The planets in the new system are packed together as densely as fans in a mosh pit. Five planets sit practically on top of each other as they circle their star, called Kepler-11; a sixth circles farther out. Two of the planets lie closer together than any other known pair of planets outside our solar system.
"There's only word" to describe the new solar system, NASA's Jack Lissauer said at a news conference today, and it's "supercalifragilisticexpialidocious."
The six planets of Kepler-11 may be among the latest entries on the list of "extrasolar" planets -- those outside our own solar system -- but they won't be the last.
Scientists today revealed that NASA's Kepler spacecraft, which found Kepler-11's planets, has to date spotted more than 1,200 potential planets. Astronomers need to confirm the existence of each of the new candidate planets, some of which will turn out to be false leads. But many others are likely to be verified as actual worlds orbiting other stars -- the first step, scientifically, toward figuring out where to look for life elsewhere in the universe.
Five of those candidate planets are roughly the size of Earth and could contain liquid water, but it will take "patience ... and lots of money" to find out whether those five harbor life, NASA's William Borucki said.
Even in the growing collection of new planets, the Kepler-11 system, which was described in a study published in Thursday's issue of the journal Nature, stands out. For starters there's its size. Kepler-11 boasts at least six planets, many more than most systems, and it may have even more planets that scientists have yet to detect.
It was "shocking" to find six planets orbiting one star, the University of Florida's Eric Ford, an author of the Nature study, told AOL News. He described his team's reaction as the planet count went higher and higher: "There's a second. Oh, there's a third. Oh, there's a fourth! When does it stop?"
Then there's the dense concentration of the planets. Five of Kepler-11's planets circle it more tightly than our sun is circled by its nearest planet, Mercury.
The planets of Kepler-11 are squashed together so compactly that "at first glance, you think, 'Oh, my God, how is this possible?'" says astronomer Christophe Lovis of the University of Geneva, who was not associated with the new study.

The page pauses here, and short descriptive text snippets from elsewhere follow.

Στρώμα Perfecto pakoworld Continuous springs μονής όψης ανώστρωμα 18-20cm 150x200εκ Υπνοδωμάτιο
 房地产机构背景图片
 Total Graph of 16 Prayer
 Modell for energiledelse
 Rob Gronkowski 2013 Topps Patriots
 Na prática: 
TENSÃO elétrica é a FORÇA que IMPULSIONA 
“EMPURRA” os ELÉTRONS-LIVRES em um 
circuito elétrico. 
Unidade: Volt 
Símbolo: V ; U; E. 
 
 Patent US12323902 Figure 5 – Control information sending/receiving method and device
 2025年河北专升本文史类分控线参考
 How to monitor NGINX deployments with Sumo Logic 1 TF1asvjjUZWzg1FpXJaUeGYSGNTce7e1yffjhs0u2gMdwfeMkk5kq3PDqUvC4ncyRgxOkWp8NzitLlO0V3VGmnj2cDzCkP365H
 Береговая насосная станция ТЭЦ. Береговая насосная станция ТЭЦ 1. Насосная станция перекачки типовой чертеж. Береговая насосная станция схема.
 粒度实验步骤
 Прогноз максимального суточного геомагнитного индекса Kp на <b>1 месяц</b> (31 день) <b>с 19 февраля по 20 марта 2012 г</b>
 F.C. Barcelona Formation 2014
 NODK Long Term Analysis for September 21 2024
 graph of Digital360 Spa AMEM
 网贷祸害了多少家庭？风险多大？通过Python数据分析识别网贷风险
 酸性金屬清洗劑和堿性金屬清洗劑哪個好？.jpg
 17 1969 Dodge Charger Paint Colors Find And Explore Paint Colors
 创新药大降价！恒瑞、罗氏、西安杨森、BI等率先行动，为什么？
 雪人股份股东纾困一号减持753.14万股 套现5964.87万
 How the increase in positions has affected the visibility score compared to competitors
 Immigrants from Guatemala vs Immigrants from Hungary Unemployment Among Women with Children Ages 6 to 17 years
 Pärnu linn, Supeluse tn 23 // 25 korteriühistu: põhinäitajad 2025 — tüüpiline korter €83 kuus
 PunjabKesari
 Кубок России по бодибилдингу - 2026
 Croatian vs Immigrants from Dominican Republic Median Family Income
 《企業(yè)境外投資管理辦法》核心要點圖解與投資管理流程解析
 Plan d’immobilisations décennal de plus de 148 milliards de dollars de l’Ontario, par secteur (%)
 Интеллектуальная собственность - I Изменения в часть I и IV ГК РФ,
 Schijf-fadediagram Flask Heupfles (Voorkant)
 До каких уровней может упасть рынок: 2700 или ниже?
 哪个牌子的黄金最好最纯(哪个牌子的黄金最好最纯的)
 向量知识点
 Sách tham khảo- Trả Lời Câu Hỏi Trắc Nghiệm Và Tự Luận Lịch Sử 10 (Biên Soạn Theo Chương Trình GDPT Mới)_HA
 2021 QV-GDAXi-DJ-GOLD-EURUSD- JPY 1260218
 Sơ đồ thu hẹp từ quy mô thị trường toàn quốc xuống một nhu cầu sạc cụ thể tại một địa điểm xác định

Then there's the planets' size. Five are larger than Earth but smaller than Uranus, the next-biggest planet orbiting the sun.
The Kepler-11 grouping is so unusual that it can't be explained by the old theories of how solar systems are born, says NASA's Lissauer, leader of the new study and a specialist in planetary formation.
"Something a little different has to be going on here," he says. "This is sending me back to the drawing board."